What you’ve done here is point out the tautology that everyone (or everything) mortal is mortal. It’s a reminder to the young perhaps.

But I do see things differently, especially when you say “I see also very little connection between the teen and the adult, and my past does seem like a distant and vague dream.”

Whether this is a difference between our ages, life-experiences or even our DNA I cannot tell. I’m 71, and yet I connect with all the ages I’ve passed through, as if I can time-travel and go back there, not just in memory of events but states of consciousness as well; though as I said in my latest post, such time-travel when it’s in-depth may not always be good for the health, for it can disconnect you from now.

Your points about time’s inexorability are well made, but still I demur. It’s possible to dwell in eternity, where time does not rule. It can be done by disconnecting from the “I”, or rather, if I may attempt to use Sanskrit terms correctly, recognizing that the Atman (self) is actually part of Brahman (All).

I doubt if one can stay as an actor on the world’s stage without an ego, because this sense of “I” is essential for our daily interactions, to survive every kind of danger and retain a sense of identity.

Nevertheless, we can have moments outside time, wherein we are no longer subject to its dictatorial rule, even though aging continues. Death of the body (and mind too, for it is tied to the body) draws ever closer. My cheeks have gone hollow, my hair is falling out, various joints are starting to fail, energy and short-term memory too.
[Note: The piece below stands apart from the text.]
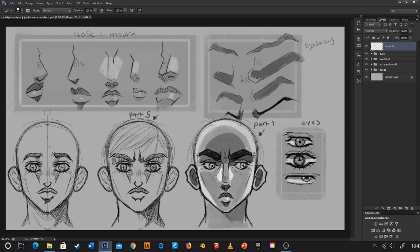Hey everybody, welcome back to Josium Draws, welcome back to another episode of Art Style Analysis — the series on the channel where we look at art styles from anime, games, movies, cartoons and try to understand and break down the style so that you can draw your own characters in that set style. Today's subject is JoJo's Bizarre Adventure. I love JoJo's, I think it's one of the greatest anime and manga of all time, and I really love how David Production took Araki's art style and stripped some detail away from the manga to create a wholly unique anime look.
But timeless consciousness says, “So what?” I’ve partaken of life, participated in the infinite creativity which brought into being all the productions of time. “Eternity is in love with the productions of time”, said William Blake.

Arashmania said...

Yes, Vincent, I have no problems with tautology here to drive home a point that many, both young or old, tend to overlook or ignore.

Sure, we can approach time, life and death by eliminating or dissolving the fundamental culprit, the so-called ego. However, that would also take away our relations to and the stages of the past.

Regarding the past I think that we are simply recreating images of its moments in our heads yet within the present; so the content of the past ends up being speculative. On that I agree with the idea of Platonia. It is the ego that sees and remembers the past embellishing or changing it, adding or subtracting from the overall picture.

However, there is also another way of approaching time, in Kierkegaardian fashion. Then we have different and separate layers of time: The time we experience and the eternal segment outside of time.

That is where Gods, angels, souls and dreams would live happily ever after. I have no problems accepting such a dimension where time is not invited, but my post dealt with the purely physical experience of time.